● WORK REQUEST: Below are some records; quote exactly the lines from the one that contains "ایران، روسیه و" through the one that contains "Power 7/8 Wrap Waist Gym Leggings", inclusive, and no others.

• • •

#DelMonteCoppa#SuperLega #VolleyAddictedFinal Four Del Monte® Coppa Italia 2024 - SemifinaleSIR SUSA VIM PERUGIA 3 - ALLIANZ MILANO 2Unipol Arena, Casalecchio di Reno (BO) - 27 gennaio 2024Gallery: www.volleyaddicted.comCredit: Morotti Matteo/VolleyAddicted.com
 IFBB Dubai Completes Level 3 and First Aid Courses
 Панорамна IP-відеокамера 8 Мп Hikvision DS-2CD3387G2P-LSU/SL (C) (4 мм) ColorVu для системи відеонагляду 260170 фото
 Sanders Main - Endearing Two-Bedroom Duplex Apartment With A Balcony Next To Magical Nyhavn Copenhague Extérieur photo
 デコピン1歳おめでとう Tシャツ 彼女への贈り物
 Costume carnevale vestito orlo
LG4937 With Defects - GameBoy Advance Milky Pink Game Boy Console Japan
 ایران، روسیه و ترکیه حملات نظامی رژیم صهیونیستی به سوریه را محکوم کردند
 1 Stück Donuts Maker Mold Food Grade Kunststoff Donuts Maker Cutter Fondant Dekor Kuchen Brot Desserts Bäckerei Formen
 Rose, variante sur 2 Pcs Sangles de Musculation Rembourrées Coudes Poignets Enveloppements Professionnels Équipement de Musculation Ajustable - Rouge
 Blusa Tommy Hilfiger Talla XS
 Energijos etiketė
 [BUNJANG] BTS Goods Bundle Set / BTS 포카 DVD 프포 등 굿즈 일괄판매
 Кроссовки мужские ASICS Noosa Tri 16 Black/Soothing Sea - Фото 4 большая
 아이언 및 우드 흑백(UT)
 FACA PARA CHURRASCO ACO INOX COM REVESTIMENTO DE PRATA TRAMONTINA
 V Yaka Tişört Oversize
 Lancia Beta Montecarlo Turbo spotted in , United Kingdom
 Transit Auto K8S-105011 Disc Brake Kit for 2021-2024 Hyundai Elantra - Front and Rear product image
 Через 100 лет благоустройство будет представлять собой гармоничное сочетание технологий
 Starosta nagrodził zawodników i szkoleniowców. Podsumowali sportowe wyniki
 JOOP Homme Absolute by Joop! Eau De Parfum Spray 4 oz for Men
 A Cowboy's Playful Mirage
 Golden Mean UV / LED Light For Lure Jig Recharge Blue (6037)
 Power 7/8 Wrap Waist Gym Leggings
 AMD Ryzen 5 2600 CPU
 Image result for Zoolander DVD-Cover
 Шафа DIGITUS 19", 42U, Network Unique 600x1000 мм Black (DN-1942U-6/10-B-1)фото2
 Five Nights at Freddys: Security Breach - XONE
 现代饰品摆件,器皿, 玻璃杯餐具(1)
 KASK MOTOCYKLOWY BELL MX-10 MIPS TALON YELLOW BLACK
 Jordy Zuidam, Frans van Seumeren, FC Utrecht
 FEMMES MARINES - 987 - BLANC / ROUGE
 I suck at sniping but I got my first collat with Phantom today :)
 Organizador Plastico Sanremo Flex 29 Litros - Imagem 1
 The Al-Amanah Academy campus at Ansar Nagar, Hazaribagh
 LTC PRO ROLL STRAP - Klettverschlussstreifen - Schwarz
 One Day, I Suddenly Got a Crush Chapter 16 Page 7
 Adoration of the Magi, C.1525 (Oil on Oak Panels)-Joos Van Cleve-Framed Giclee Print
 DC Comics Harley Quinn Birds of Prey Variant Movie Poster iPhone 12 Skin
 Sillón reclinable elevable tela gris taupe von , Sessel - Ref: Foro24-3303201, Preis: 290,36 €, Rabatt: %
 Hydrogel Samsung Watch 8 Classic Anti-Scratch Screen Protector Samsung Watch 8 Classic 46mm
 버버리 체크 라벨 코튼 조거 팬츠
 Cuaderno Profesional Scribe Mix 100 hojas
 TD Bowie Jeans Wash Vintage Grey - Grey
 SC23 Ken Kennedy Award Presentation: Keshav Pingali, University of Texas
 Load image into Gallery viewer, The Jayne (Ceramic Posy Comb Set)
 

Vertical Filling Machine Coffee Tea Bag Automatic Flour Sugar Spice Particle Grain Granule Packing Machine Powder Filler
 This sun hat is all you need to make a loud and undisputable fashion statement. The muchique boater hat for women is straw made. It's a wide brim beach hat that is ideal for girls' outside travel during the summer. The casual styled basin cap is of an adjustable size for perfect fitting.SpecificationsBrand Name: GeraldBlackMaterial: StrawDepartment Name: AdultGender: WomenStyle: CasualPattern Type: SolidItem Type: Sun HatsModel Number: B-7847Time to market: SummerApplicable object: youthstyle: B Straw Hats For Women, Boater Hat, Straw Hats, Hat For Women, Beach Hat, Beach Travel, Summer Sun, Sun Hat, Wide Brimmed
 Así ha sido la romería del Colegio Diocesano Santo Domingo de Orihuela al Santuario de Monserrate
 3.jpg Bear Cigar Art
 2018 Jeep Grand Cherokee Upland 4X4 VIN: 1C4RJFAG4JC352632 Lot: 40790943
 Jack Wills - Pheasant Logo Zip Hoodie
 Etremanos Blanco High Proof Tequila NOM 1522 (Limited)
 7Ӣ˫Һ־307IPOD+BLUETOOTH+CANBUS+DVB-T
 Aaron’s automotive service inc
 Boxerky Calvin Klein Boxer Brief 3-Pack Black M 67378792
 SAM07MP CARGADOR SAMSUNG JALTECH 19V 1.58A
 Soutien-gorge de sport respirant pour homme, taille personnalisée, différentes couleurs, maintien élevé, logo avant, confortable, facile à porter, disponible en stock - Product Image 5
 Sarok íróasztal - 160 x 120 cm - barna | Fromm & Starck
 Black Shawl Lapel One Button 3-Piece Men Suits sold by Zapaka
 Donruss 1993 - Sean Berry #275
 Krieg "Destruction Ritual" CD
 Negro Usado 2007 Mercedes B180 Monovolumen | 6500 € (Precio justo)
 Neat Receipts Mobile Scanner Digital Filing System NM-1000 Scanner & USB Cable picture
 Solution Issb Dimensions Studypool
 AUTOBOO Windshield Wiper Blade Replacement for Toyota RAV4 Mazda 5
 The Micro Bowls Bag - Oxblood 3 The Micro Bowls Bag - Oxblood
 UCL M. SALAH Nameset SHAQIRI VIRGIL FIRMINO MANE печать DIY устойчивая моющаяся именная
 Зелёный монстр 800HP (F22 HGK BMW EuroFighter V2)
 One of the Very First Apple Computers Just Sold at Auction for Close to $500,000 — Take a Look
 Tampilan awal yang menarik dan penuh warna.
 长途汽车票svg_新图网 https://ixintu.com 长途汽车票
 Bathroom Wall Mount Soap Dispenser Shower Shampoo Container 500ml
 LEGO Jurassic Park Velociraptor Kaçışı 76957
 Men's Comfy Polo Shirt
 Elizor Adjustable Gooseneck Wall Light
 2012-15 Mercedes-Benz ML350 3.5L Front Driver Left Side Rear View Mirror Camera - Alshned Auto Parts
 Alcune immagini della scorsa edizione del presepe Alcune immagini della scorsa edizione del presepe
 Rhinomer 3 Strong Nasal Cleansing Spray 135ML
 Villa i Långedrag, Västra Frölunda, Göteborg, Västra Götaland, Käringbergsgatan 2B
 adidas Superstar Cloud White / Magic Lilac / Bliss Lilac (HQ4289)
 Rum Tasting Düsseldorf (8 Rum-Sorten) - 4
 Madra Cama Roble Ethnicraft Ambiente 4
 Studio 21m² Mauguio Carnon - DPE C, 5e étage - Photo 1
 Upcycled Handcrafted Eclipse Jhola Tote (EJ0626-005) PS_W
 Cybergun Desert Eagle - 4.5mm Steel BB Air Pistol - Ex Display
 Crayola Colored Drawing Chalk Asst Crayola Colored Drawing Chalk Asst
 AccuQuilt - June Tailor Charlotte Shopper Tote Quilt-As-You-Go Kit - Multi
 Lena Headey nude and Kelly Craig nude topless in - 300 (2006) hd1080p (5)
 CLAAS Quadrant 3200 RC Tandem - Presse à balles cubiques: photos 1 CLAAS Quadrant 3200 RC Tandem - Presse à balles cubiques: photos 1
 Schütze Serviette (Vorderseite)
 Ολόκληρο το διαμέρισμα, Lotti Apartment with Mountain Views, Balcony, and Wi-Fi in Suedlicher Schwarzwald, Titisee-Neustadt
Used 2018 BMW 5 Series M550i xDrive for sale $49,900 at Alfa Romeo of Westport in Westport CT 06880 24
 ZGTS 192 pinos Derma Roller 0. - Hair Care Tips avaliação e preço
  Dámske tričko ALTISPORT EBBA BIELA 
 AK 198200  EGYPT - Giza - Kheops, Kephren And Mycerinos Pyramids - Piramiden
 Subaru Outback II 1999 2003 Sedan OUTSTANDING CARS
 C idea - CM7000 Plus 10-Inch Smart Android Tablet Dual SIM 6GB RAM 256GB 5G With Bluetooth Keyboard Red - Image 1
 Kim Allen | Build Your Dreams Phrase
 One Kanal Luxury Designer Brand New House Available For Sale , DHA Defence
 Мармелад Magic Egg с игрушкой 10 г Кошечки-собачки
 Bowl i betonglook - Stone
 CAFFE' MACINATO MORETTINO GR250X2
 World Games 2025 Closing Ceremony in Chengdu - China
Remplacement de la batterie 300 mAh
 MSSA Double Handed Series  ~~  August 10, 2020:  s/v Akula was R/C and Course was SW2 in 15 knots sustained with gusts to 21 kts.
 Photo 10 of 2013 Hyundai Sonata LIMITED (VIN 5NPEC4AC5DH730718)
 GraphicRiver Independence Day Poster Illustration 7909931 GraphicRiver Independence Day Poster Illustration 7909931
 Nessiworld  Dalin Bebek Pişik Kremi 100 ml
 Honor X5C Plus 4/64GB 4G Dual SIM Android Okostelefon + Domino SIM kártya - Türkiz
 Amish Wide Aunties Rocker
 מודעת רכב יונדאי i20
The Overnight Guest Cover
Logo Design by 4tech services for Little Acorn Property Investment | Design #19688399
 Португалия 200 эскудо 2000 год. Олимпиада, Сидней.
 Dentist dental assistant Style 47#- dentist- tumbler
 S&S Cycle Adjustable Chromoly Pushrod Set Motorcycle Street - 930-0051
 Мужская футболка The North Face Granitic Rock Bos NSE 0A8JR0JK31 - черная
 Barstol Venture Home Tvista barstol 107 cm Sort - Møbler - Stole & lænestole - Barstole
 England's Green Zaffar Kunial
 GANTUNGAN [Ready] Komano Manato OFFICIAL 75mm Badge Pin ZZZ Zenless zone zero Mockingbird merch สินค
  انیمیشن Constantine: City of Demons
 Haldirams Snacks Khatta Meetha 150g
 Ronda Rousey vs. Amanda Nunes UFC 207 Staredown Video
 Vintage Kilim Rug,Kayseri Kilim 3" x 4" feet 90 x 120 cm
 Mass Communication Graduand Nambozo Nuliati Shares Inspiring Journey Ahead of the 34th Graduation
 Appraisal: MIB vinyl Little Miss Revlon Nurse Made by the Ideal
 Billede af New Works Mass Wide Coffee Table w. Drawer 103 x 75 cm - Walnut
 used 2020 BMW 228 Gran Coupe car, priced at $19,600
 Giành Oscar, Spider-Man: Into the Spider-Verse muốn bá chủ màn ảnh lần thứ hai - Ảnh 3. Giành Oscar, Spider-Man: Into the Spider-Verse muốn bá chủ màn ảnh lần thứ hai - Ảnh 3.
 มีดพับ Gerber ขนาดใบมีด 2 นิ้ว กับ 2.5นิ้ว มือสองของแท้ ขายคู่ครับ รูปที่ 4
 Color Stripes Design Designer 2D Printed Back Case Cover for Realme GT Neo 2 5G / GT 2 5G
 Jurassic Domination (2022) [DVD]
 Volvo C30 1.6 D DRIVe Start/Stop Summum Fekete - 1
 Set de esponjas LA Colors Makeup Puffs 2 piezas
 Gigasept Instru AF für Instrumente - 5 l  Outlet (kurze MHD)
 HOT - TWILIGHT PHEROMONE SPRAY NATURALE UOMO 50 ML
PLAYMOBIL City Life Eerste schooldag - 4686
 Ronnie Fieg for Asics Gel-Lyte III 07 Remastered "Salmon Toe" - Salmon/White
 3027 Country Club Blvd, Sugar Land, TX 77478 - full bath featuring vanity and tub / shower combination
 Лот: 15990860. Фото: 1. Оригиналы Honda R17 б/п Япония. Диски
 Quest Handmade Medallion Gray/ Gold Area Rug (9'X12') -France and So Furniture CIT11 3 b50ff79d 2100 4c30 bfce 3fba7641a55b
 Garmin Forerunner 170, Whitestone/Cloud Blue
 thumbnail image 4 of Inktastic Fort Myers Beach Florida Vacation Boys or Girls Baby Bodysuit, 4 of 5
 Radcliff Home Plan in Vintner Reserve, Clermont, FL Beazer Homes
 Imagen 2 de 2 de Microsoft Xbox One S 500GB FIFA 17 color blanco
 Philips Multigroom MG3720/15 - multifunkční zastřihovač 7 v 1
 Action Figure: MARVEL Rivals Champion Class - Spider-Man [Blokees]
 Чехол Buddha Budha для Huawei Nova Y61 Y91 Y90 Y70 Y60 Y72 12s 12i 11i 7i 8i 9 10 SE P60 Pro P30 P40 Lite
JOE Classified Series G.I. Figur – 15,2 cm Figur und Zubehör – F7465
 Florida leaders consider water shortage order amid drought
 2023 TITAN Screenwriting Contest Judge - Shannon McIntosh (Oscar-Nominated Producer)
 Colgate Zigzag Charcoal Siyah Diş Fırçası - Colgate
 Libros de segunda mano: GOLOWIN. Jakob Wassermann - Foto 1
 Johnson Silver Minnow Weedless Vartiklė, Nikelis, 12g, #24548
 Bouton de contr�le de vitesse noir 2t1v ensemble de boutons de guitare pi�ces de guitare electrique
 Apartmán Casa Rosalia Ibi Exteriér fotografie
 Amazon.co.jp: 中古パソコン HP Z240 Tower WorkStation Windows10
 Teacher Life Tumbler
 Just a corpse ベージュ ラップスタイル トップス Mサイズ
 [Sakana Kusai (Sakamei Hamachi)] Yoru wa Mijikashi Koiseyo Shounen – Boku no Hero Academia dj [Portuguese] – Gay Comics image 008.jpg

• • •

● RESULT BELOW:
 ایران، روسیه و ترکیه حملات نظامی رژیم صهیونیستی به سوریه را محکوم کردند
 1 Stück Donuts Maker Mold Food Grade Kunststoff Donuts Maker Cutter Fondant Dekor Kuchen Brot Desserts Bäckerei Formen
 Rose, variante sur 2 Pcs Sangles de Musculation Rembourrées Coudes Poignets Enveloppements Professionnels Équipement de Musculation Ajustable - Rouge
 Blusa Tommy Hilfiger Talla XS
 Energijos etiketė
 [BUNJANG] BTS Goods Bundle Set / BTS 포카 DVD 프포 등 굿즈 일괄판매
 Кроссовки мужские ASICS Noosa Tri 16 Black/Soothing Sea - Фото 4 большая
 아이언 및 우드 흑백(UT)
 FACA PARA CHURRASCO ACO INOX COM REVESTIMENTO DE PRATA TRAMONTINA
 V Yaka Tişört Oversize
 Lancia Beta Montecarlo Turbo spotted in , United Kingdom
 Transit Auto K8S-105011 Disc Brake Kit for 2021-2024 Hyundai Elantra - Front and Rear product image
 Через 100 лет благоустройство будет представлять собой гармоничное сочетание технологий
 Starosta nagrodził zawodników i szkoleniowców. Podsumowali sportowe wyniki
 JOOP Homme Absolute by Joop! Eau De Parfum Spray 4 oz for Men
 A Cowboy's Playful Mirage
 Golden Mean UV / LED Light For Lure Jig Recharge Blue (6037)
 Power 7/8 Wrap Waist Gym Leggings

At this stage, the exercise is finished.